++++ GIVEN RECORDS ++++

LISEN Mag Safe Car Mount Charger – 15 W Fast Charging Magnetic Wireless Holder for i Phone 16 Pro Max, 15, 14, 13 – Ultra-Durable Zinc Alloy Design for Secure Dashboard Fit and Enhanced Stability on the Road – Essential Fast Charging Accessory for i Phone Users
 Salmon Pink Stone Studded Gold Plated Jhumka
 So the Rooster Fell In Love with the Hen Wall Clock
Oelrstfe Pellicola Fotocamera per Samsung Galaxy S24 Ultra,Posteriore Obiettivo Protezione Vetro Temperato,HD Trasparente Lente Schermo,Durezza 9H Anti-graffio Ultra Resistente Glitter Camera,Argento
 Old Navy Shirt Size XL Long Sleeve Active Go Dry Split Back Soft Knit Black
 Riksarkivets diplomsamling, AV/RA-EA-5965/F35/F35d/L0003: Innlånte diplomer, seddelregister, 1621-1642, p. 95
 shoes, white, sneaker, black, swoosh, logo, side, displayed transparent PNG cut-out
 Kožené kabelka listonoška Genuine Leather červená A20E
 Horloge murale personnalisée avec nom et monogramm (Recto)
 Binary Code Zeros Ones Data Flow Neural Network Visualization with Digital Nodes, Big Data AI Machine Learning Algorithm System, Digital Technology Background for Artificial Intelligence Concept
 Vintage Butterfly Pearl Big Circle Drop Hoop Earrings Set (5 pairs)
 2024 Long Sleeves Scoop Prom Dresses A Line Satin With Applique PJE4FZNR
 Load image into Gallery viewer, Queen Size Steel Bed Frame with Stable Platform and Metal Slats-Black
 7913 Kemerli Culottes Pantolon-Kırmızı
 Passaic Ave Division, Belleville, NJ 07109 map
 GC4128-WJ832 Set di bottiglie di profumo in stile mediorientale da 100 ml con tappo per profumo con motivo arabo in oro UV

++++

**WHAT YOU NEED TO DO**
What you return must match the records above exactly.

**WRITTEN SOLUTION**
LISEN Mag Safe Car Mount Charger – 15 W Fast Charging Magnetic Wireless Holder for i Phone 16 Pro Max, 15, 14, 13 – Ultra-Durable Zinc Alloy Design for Secure Dashboard Fit and Enhanced Stability on the Road – Essential Fast Charging Accessory for i Phone Users
 Salmon Pink Stone Studded Gold Plated Jhumka
 So the Rooster Fell In Love with the Hen Wall Clock
Oelrstfe Pellicola Fotocamera per Samsung Galaxy S24 Ultra,Posteriore Obiettivo Protezione Vetro Temperato,HD Trasparente Lente Schermo,Durezza 9H Anti-graffio Ultra Resistente Glitter Camera,Argento
 Old Navy Shirt Size XL Long Sleeve Active Go Dry Split Back Soft Knit Black
 Riksarkivets diplomsamling, AV/RA-EA-5965/F35/F35d/L0003: Innlånte diplomer, seddelregister, 1621-1642, p. 95
 shoes, white, sneaker, black, swoosh, logo, side, displayed transparent PNG cut-out
 Kožené kabelka listonoška Genuine Leather červená A20E
 Horloge murale personnalisée avec nom et monogramm (Recto)
 Binary Code Zeros Ones Data Flow Neural Network Visualization with Digital Nodes, Big Data AI Machine Learning Algorithm System, Digital Technology Background for Artificial Intelligence Concept
 Vintage Butterfly Pearl Big Circle Drop Hoop Earrings Set (5 pairs)
 2024 Long Sleeves Scoop Prom Dresses A Line Satin With Applique PJE4FZNR
 Load image into Gallery viewer, Queen Size Steel Bed Frame with Stable Platform and Metal Slats-Black
 7913 Kemerli Culottes Pantolon-Kırmızı
 Passaic Ave Division, Belleville, NJ 07109 map
 GC4128-WJ832 Set di bottiglie di profumo in stile mediorientale da 100 ml con tappo per profumo con motivo arabo in oro UV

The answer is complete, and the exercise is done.